The Dionysiaca (Greek: Διονυσιακά, Dionysiaká) is an ancient epic poem and the principal work of Nonnus. It is an epic in 48 books, the longest surviving poem from antiquity at 20,426 lines, composed in Homeric dialect and dactylic hexameters, the main subject of which is the life of Dionysus, his expedition to India, and his triumphant return to the west.
The poem is thought to have been written in the late 4th and/or early 5th century AD. The Dionysiaca appears to be incomplete, and some scholars believe that a 49th book was being planned when Nonnus stopped work on the poem, although others point out that the number of books in the Dionysiaca is the same as the 48 books of the Iliad and Odyssey combined. It has been conjectured that a possible conversion to Christianity or death caused Nonnus to abandon the poem after some revisions. Editors have pointed out various inconsistencies and the difficulties of Book 39 which appears to be a disjointed series of descriptions, as evidence of the poem's lack of revision. Others have attributed these problems to copyists or later editors, but most scholars agree on the poem's incompleteness.

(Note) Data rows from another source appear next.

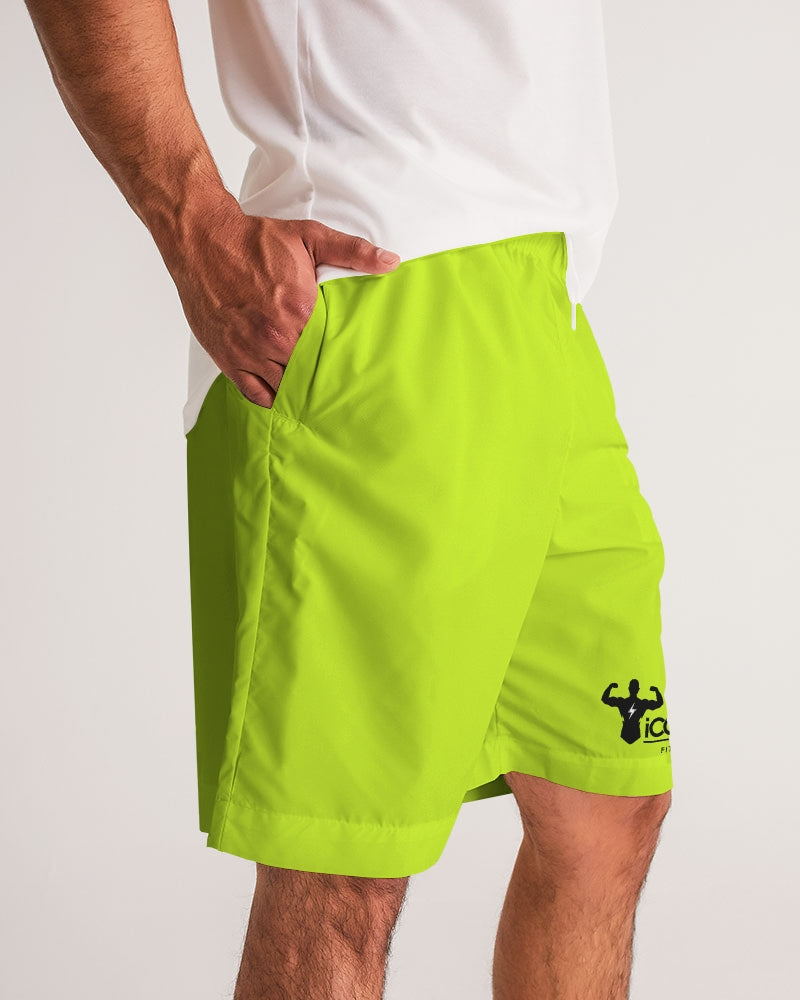 iConquer Men's Jogger Shorts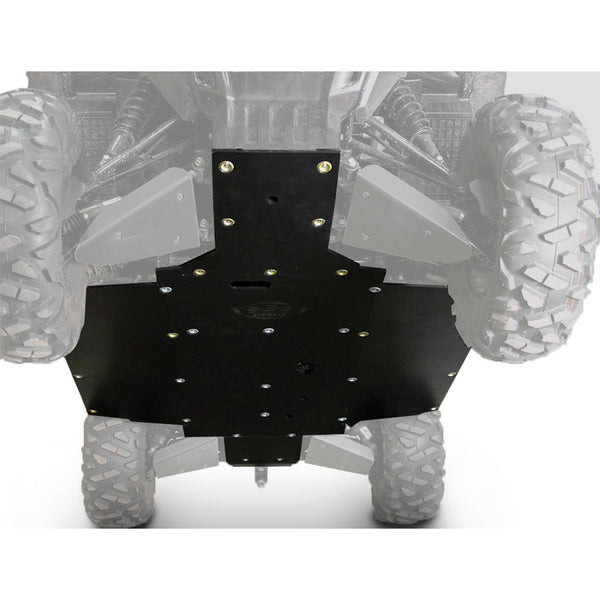 Honda Pioneer 1000-5 UHMW Skid Plate by SSS Offroad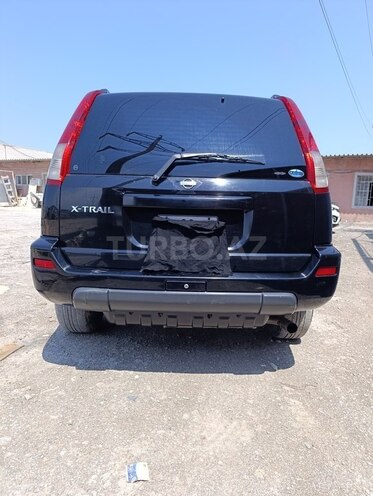 Nissan X-Trail 2001, 277,107 km - 2.0 l - Bakı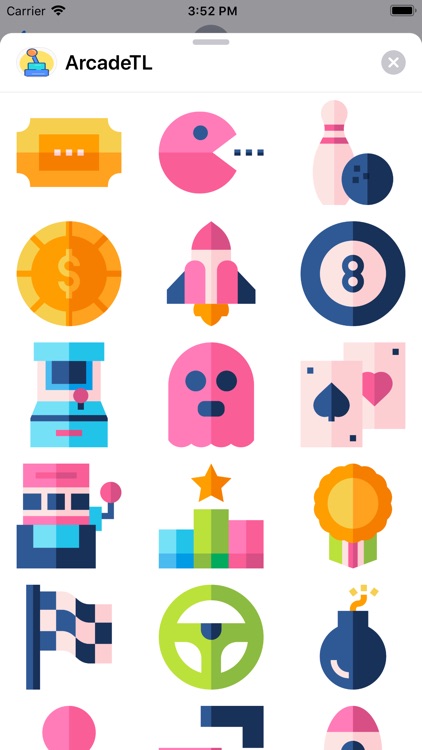 ArcadeTL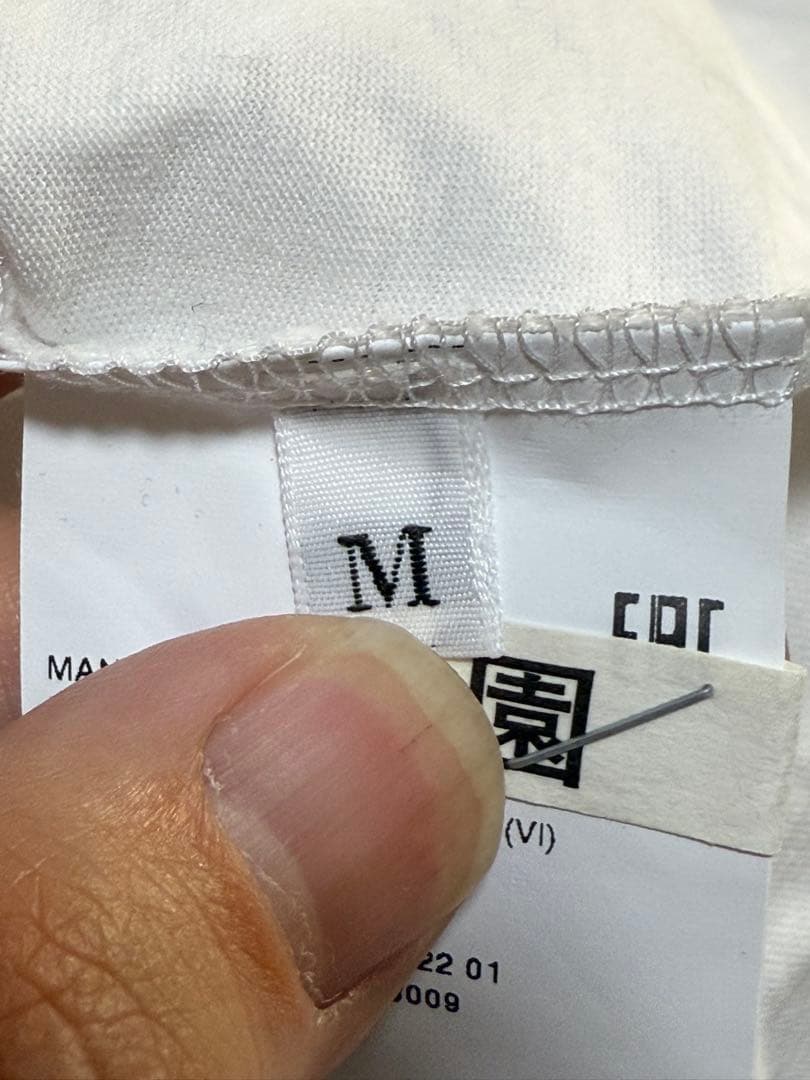 DSQUARED2 ディースクエアード M ロンT 2022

The primary models for Nonnus are Homer and the Cyclic poets; Homeric language, metrics, episodes, and descriptive canons are central to the Dionysiaca. The influence of Euripides' Bacchae is also significant, as is probably the influence of the other tragedians whose Dionysiac plays do not survive. His debt to fragmentary poets is far harder to gauge, but it is likely that he alludes to earlier poets' treatments of the life of Dionysus, such as the lost poems by Euphorion, Peisander of Laranda's elaborate encyclopedic mythological poem, Dionysius, and Soteirichus. Hesiod's poetry, especially the Catalogue of Women, Pindar, and Callimachus can all be seen in the work of Nonnus. Theocritus' influence can be detected in Nonnus' focus on pastoral themes. Finally, Virgil and especially Ovid seem to have influenced Nonnus' organization of the poem.